**DESCRIPTION OF THE TASK**
Write out exactly the lines from the one containing "Architecture d'un agent" through the last line of the records below, including both.

**DATASET EXTRACT**

--- --- ---

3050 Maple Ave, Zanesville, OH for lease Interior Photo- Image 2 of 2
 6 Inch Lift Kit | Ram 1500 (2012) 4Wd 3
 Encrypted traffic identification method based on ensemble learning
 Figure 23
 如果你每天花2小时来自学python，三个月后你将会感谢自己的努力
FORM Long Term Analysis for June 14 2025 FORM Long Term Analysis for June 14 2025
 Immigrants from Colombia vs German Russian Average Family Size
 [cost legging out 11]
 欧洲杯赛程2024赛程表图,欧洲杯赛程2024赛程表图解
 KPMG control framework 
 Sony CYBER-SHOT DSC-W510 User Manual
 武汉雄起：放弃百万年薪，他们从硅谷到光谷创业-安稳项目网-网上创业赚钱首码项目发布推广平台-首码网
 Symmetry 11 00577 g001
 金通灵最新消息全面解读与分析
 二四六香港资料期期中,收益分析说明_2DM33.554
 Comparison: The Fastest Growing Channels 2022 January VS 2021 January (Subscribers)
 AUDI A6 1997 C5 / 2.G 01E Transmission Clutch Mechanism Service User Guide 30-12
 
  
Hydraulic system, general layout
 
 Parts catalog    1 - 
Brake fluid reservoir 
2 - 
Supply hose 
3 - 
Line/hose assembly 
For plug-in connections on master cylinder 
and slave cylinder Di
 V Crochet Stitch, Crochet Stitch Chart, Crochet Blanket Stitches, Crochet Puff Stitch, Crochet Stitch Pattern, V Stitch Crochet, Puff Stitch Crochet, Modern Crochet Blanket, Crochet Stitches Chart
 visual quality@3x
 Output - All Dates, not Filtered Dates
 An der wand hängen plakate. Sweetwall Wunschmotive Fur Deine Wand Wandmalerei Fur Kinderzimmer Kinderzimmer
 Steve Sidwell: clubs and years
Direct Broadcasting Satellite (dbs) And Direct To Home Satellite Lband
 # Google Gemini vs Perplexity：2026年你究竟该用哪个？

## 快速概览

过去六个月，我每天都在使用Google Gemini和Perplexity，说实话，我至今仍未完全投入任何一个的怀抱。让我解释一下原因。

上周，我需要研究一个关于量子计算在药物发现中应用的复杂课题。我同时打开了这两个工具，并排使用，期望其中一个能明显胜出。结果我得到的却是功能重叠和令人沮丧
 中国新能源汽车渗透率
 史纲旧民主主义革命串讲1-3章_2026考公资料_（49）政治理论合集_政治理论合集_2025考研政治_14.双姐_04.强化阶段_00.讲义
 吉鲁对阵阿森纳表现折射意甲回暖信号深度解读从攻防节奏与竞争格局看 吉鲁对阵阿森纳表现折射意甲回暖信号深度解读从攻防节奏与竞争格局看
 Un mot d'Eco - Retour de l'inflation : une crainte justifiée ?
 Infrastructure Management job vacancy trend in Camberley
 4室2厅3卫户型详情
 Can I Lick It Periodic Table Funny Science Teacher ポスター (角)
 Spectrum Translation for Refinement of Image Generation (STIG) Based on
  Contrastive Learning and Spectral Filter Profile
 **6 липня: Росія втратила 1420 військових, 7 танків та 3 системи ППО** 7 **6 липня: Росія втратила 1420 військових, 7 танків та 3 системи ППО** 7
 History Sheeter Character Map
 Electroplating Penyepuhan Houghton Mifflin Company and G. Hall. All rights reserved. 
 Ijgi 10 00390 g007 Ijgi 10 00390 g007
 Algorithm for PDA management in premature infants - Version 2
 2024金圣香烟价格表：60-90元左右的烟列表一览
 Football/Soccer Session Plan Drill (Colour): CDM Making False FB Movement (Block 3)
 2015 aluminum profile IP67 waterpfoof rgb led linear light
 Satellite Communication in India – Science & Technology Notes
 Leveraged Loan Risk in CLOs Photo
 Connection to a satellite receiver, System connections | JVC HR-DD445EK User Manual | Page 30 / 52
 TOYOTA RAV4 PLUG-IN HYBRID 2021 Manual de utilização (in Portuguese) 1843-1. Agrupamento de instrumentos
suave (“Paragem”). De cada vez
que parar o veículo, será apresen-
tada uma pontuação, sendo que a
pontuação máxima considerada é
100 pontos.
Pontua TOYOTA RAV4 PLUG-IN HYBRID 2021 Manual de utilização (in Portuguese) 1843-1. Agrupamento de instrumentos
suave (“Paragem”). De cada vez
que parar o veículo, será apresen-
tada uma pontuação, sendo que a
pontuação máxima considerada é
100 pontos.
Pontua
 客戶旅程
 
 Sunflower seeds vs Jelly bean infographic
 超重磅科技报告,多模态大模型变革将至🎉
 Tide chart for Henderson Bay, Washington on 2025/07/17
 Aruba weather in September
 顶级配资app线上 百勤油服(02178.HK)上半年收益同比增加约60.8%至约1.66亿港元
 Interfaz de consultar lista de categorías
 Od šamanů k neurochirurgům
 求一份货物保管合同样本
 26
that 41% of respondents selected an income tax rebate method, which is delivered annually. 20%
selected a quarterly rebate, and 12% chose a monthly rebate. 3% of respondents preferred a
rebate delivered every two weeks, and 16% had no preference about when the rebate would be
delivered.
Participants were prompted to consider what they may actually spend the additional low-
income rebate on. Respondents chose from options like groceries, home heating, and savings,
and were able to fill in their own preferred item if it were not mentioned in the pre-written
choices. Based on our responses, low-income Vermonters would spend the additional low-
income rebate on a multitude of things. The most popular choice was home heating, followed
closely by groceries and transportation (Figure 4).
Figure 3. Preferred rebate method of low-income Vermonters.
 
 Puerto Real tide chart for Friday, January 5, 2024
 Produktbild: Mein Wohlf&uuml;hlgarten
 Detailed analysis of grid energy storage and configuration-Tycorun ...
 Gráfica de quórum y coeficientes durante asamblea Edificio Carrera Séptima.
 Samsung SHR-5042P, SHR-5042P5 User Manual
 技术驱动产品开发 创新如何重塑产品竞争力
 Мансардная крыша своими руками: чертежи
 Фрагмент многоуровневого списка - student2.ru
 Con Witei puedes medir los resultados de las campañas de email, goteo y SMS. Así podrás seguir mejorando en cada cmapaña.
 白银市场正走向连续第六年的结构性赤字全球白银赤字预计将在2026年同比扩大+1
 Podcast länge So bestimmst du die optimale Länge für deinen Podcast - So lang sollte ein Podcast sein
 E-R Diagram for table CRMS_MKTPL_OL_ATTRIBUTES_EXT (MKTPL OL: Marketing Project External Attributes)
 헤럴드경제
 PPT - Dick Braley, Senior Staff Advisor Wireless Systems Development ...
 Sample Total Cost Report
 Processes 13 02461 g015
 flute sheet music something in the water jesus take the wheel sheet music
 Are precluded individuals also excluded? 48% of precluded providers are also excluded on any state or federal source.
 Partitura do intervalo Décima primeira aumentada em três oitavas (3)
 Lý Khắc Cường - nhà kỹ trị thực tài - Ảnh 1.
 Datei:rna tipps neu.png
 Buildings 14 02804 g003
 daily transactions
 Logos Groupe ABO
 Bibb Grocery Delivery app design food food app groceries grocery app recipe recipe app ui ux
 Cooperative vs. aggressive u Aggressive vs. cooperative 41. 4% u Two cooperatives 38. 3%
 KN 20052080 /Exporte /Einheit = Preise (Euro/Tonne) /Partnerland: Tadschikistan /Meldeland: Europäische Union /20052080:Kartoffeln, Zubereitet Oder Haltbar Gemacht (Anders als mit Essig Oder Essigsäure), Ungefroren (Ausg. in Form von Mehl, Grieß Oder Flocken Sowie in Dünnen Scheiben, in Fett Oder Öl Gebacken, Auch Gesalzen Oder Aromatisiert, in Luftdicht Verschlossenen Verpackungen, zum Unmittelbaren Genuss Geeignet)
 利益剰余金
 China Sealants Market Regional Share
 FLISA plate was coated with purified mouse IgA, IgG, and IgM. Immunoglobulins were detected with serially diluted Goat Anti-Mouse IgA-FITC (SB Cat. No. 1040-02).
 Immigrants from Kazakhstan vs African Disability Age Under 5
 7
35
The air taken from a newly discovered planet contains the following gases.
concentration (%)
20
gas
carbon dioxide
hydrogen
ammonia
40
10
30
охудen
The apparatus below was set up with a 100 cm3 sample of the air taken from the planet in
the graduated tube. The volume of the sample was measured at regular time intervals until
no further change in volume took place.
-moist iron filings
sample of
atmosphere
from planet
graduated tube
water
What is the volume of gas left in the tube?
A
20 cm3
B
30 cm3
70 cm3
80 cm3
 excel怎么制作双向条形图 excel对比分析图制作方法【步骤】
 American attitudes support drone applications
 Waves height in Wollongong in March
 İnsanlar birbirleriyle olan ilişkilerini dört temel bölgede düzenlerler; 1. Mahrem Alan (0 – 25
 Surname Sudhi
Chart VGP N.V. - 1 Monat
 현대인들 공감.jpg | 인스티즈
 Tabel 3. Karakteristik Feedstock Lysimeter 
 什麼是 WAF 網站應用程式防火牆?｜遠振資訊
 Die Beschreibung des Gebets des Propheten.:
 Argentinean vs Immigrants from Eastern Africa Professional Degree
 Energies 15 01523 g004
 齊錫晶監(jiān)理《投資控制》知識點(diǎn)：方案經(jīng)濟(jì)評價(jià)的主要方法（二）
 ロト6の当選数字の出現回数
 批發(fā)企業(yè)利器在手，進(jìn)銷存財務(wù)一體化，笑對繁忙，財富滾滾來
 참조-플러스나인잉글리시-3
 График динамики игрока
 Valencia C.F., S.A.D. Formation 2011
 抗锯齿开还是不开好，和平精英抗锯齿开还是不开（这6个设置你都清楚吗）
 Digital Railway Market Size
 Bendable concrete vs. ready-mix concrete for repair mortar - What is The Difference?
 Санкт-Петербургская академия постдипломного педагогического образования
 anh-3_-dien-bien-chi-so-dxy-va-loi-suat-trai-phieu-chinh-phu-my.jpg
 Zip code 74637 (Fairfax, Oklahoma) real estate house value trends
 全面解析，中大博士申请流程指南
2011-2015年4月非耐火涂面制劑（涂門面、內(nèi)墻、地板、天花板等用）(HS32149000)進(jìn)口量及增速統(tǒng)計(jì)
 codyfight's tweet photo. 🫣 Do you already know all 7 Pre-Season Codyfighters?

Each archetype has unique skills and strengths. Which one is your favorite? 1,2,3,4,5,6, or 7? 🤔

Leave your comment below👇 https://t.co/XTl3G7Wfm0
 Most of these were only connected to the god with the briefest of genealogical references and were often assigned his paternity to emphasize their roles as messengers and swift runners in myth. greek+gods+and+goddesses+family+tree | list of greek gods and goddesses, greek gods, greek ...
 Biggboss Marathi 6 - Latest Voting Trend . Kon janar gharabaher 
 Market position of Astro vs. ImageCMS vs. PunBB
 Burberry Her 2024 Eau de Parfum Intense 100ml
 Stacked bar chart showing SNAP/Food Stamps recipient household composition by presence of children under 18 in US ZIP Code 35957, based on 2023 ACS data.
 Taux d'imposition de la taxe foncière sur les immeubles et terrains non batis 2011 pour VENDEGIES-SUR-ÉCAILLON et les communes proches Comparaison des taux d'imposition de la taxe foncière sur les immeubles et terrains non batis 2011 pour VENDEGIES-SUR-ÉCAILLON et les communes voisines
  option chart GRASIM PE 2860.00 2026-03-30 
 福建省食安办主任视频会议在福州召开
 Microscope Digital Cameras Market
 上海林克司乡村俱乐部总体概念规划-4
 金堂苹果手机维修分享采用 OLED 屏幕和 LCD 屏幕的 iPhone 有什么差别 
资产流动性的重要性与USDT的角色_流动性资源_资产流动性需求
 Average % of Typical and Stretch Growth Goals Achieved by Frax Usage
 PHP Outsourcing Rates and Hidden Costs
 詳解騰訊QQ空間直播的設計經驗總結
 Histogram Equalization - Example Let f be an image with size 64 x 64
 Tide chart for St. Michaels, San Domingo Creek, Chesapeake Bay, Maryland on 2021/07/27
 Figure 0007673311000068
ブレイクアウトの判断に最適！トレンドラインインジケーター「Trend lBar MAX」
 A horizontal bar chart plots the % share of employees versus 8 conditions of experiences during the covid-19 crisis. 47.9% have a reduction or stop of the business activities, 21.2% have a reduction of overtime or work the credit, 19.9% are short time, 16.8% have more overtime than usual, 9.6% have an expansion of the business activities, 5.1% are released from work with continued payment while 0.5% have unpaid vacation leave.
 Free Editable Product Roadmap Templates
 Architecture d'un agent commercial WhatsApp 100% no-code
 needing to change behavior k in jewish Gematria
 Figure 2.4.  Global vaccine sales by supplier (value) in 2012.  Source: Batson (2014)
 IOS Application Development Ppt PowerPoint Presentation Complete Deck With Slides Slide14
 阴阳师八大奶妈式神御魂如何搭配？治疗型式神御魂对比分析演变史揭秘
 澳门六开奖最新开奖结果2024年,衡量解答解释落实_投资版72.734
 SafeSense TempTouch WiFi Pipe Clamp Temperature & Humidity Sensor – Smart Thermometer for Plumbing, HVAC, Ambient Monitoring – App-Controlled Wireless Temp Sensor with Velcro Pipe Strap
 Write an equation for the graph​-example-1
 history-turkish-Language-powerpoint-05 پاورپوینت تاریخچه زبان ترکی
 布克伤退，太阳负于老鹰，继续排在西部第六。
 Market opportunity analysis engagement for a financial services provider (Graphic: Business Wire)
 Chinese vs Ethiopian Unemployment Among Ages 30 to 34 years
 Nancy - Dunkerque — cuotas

--- --- ---

**EXERCISE RESPONSE**
 Architecture d'un agent commercial WhatsApp 100% no-code
 needing to change behavior k in jewish Gematria
 Figure 2.4.  Global vaccine sales by supplier (value) in 2012.  Source: Batson (2014)
 IOS Application Development Ppt PowerPoint Presentation Complete Deck With Slides Slide14
 阴阳师八大奶妈式神御魂如何搭配？治疗型式神御魂对比分析演变史揭秘
 澳门六开奖最新开奖结果2024年,衡量解答解释落实_投资版72.734
 SafeSense TempTouch WiFi Pipe Clamp Temperature & Humidity Sensor – Smart Thermometer for Plumbing, HVAC, Ambient Monitoring – App-Controlled Wireless Temp Sensor with Velcro Pipe Strap
 Write an equation for the graph​-example-1
 history-turkish-Language-powerpoint-05 پاورپوینت تاریخچه زبان ترکی
 布克伤退，太阳负于老鹰，继续排在西部第六。
 Market opportunity analysis engagement for a financial services provider (Graphic: Business Wire)
 Chinese vs Ethiopian Unemployment Among Ages 30 to 34 years
 Nancy - Dunkerque — cuotas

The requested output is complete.